*** Begin section ***

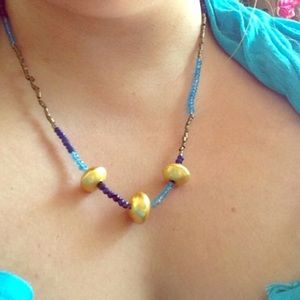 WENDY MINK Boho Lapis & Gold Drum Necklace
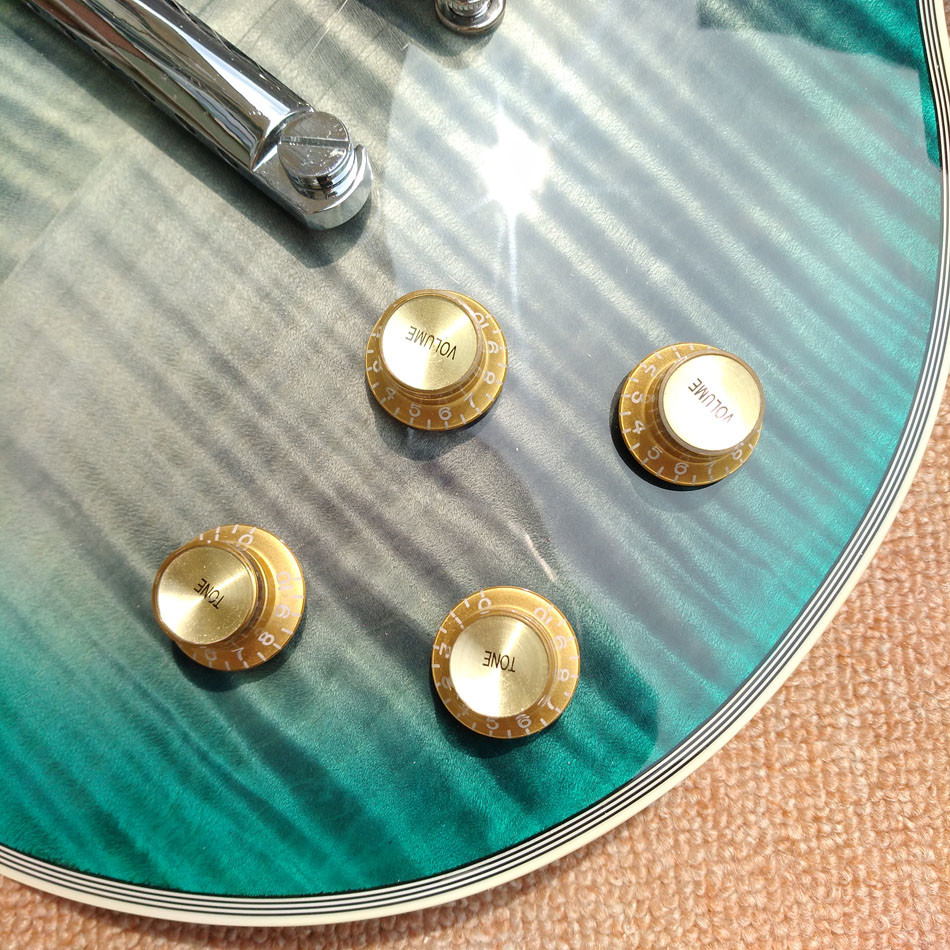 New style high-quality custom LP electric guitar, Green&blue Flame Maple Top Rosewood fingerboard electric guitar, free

*** End section ***
*** Begin section ***

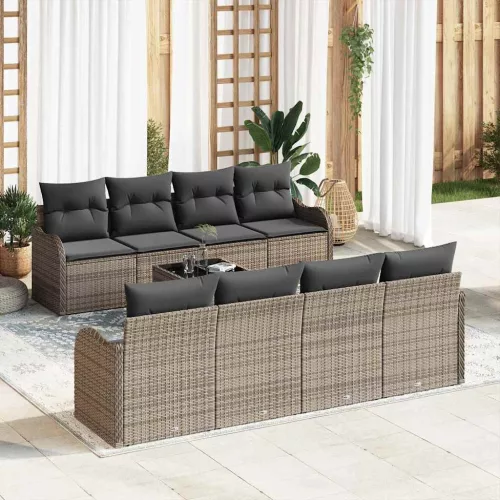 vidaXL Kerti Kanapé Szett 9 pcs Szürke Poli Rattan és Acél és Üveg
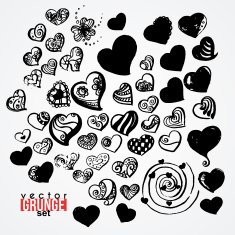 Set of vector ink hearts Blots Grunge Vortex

*** End section ***
*** Begin section ***

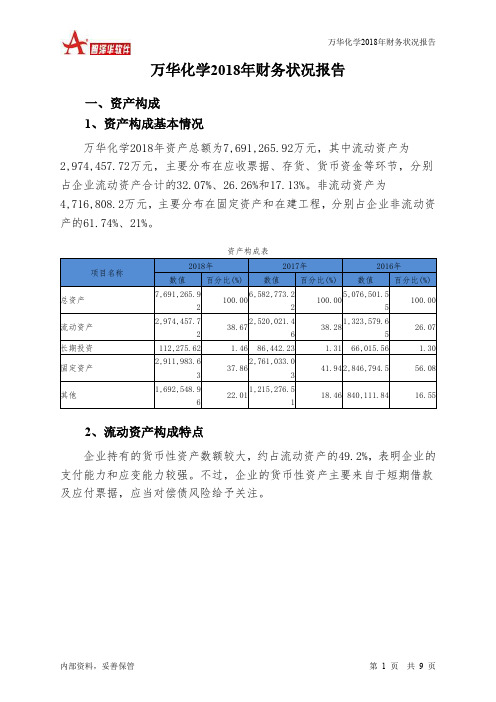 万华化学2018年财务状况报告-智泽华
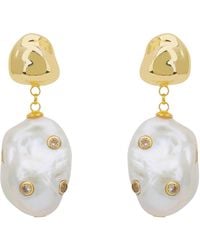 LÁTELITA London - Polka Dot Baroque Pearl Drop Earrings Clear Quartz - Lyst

*** End section ***

Write out word for word the lines above that run from the one with "WENDY MINK Boho Lapis & Gold Drum Necklace" to the one with "New style high-quality". Include both end lines; exclude the images.

 WENDY MINK Boho Lapis & Gold Drum Necklace
 New style high-quality custom LP electric guitar, Green&blue Flame Maple Top Rosewood fingerboard electric guitar, free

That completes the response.